Problem statement >> Write out every line exactly, from the start of the records below to the line with "Alexander McQueen حذاء", and stop there. Don't write out the pictures.

(Pictures with short captions)

++++++

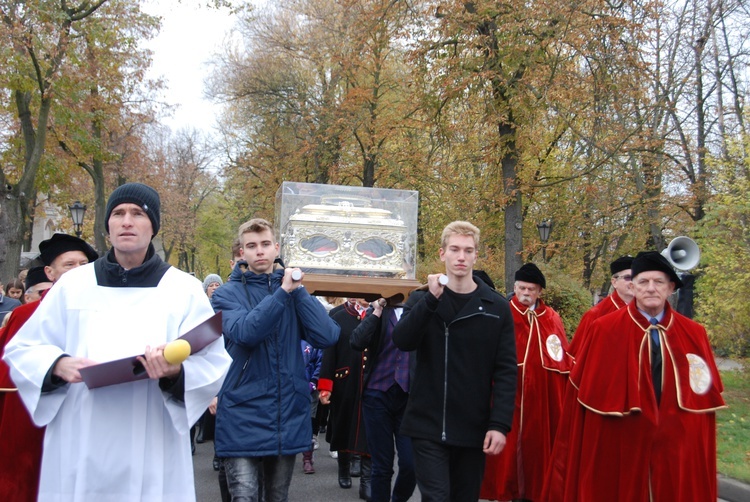 Uroczystości ku czci św. Wiktorii w Łowiczu - procesja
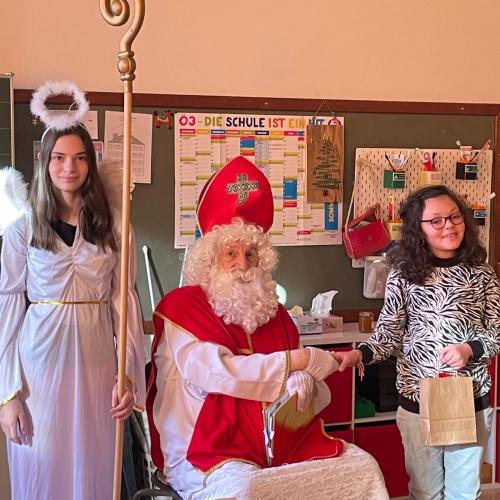 Nikolaus 10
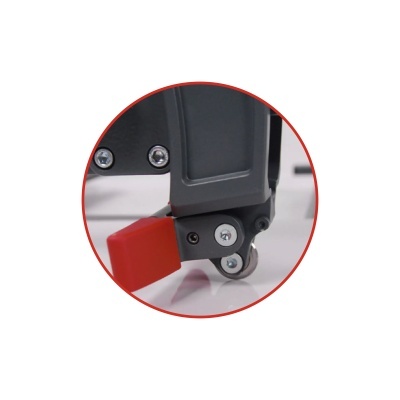 Componente mecânico cinzento com parte vermelha numa ampliação circular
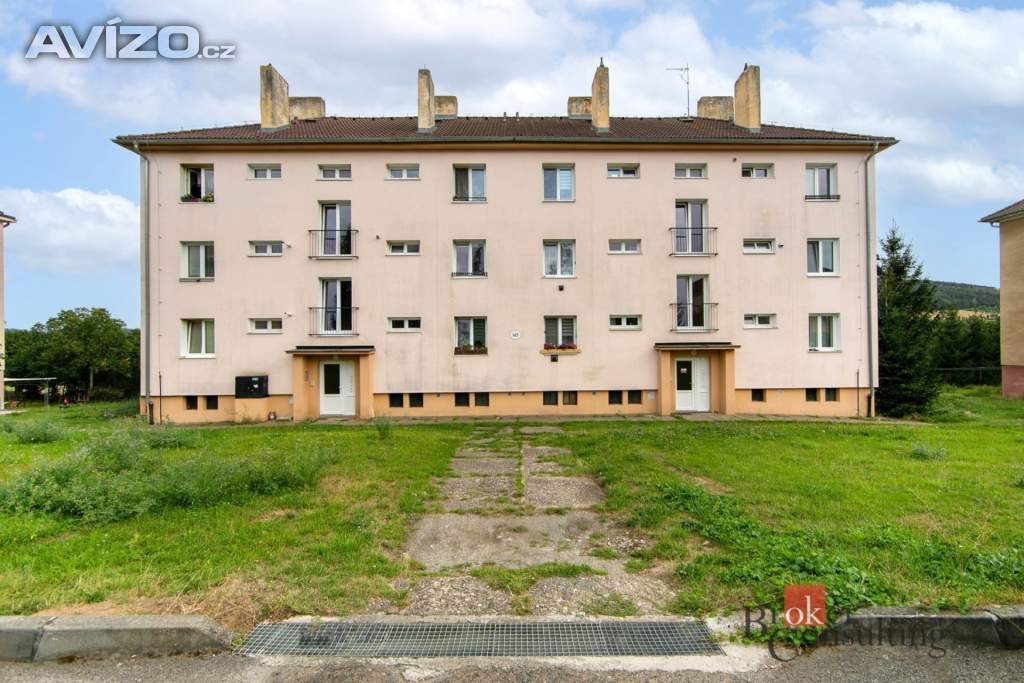 Foto inzerátu Prodej bytu 2+1 49 m², Tmaň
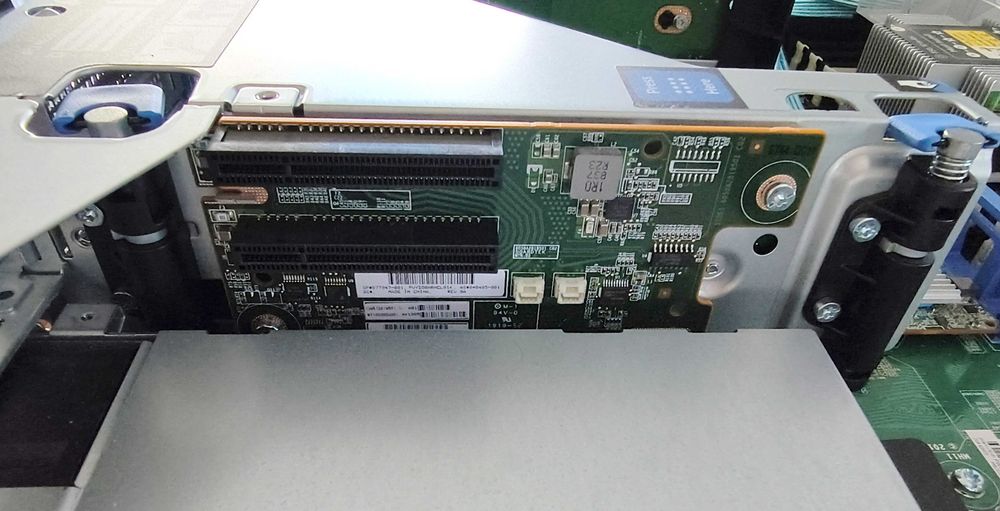 Сървър HPE DL380 Gen10 12LFF Xeon Gold 6230 20C 2.1-3.9GH 32G P408i-a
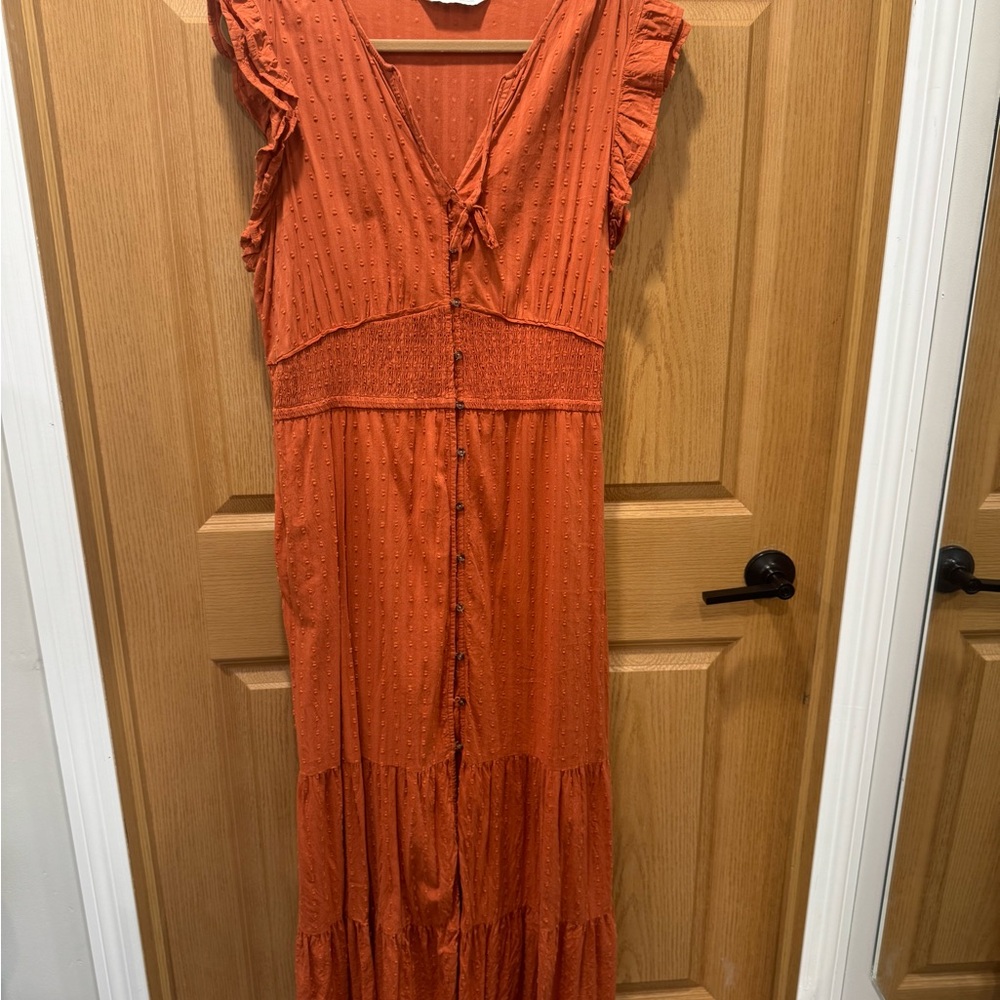 Sonoma Rust Orange V-Neck Tiered Maxi Dress with Button Front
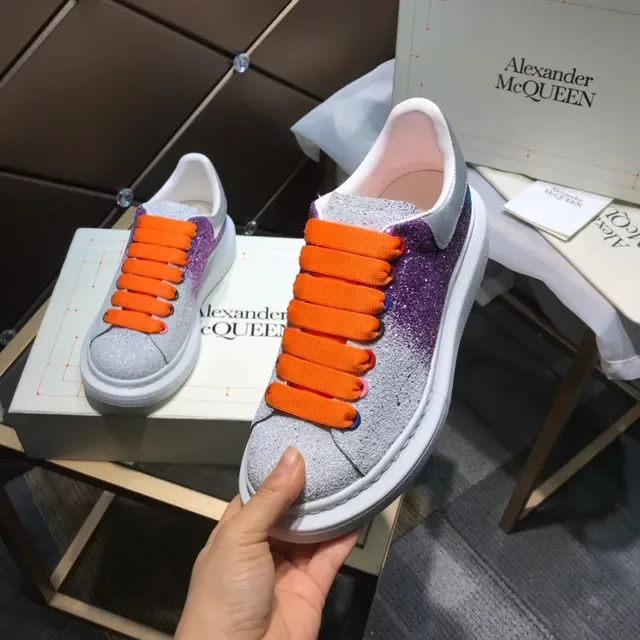 Alexander McQueen حذاء رياضي Oversized فضي بنفسجي لامع تدرج أعلى ألاس تيك ريبون ليس lifestyle حذاء رياضي 3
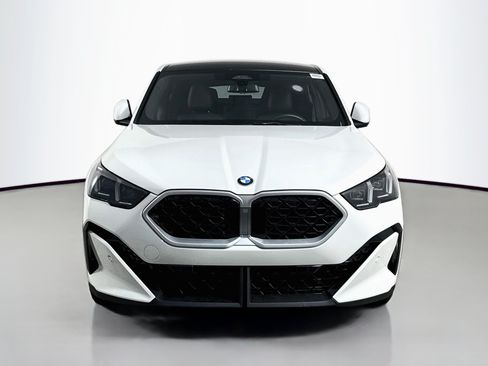 Used 2026 BMW X2 xDrive28i AWD/4WD image 2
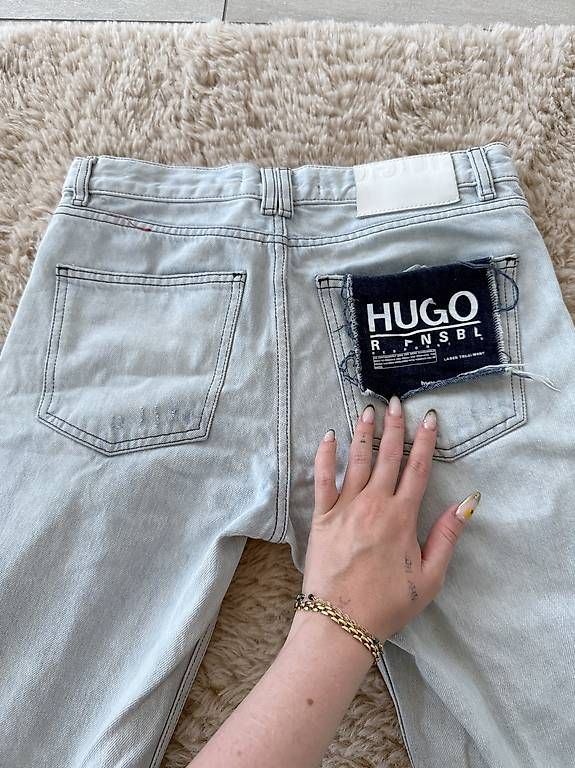 Jeans: HUGO Boss Destroyed Jeans – Usato da Zwingen venduto da KatjaM 2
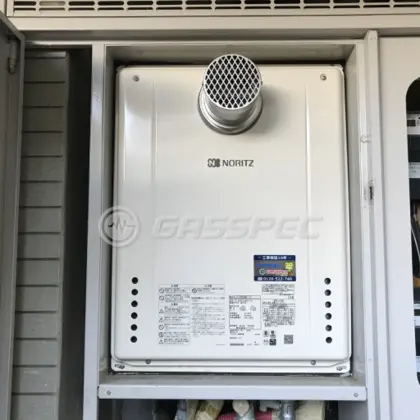 施工後の給湯器（ノーリツ GT-2460SAWX-T-2 BL）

++++++

Expected answer >>
 Uroczystości ku czci św. Wiktorii w Łowiczu - procesja
 Nikolaus 10
 Componente mecânico cinzento com parte vermelha numa ampliação circular
 Foto inzerátu Prodej bytu 2+1 49 m², Tmaň
 Сървър HPE DL380 Gen10 12LFF Xeon Gold 6230 20C 2.1-3.9GH 32G P408i-a
 Sonoma Rust Orange V-Neck Tiered Maxi Dress with Button Front
 Alexander McQueen حذاء رياضي Oversized فضي بنفسجي لامع تدرج أعلى ألاس تيك ريبون ليس lifestyle حذاء رياضي 3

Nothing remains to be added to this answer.